It all began in 1952, when Donald Watts started farming after returning from World War Two. He was a man who liked to do things properly. From mucking out pigs to pulling rhubarb and planting strawberries, he was nearly always seen in a shirt and tie. He made a great success of the farm. And, in fact, became known colloquially as the Kent King of Rhubarb.
More than 60 years later, the farm still grows rhubarb, among many other crops. It’s now run by the family’s third generation: Donald’s daughter, Avril Gray, her husband, Mike Gray, and their son, Ed Gray, all work on the farm, along with Joe. The farm has ten sites, spread around the Home Counties and south-east England, and covering 600 hectares. Having multiple fields and sites helps protects the family business – they can lose one crop from a sudden hailstorm, but other crops are unlikely to be affected.
Caring for the land
The main farming season is April to November, when Watts Farm grows 100-130 different types of produce. One site near the Thames Estuary has a warmer climate, and therefore a longer growing season. Also, Avril, Mike, Ed and Joe have two glass houses, where they can grow fruit and vegetables all year round.
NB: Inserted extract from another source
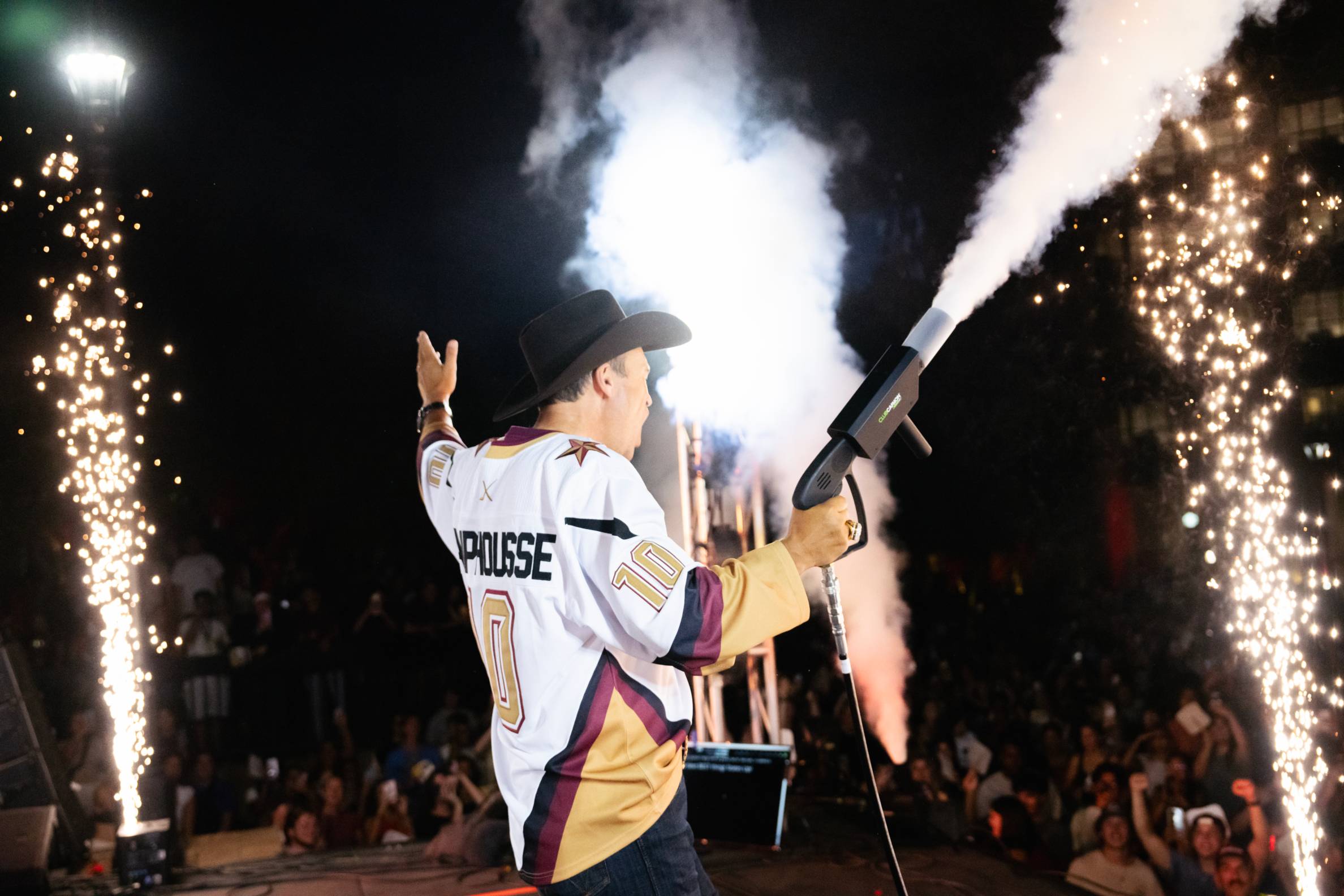 Photo of President Damphousse using a t-shirt blaster.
Sustainable farming is very important at Watts Farm, which is a member of LEAF Marque, Field to Fork, Red Tractor Farm Assurance Fresh Produce Scheme, and Organic Farmers & Growers. One key initiative is conserving water: a natural spring on one of the sites feeds a reservoir, which is used to water the whole farm.
Keeping the number of food miles down is also important – and you can taste the difference. As Joe says,
“Eating fruit and vegetables from the UK isn’t just a delicious option. They are, of course, a lot fresher. For example, strawberries and asparagus are served in bartlett mitchell’s restaurants just two days after we’ve picked them.”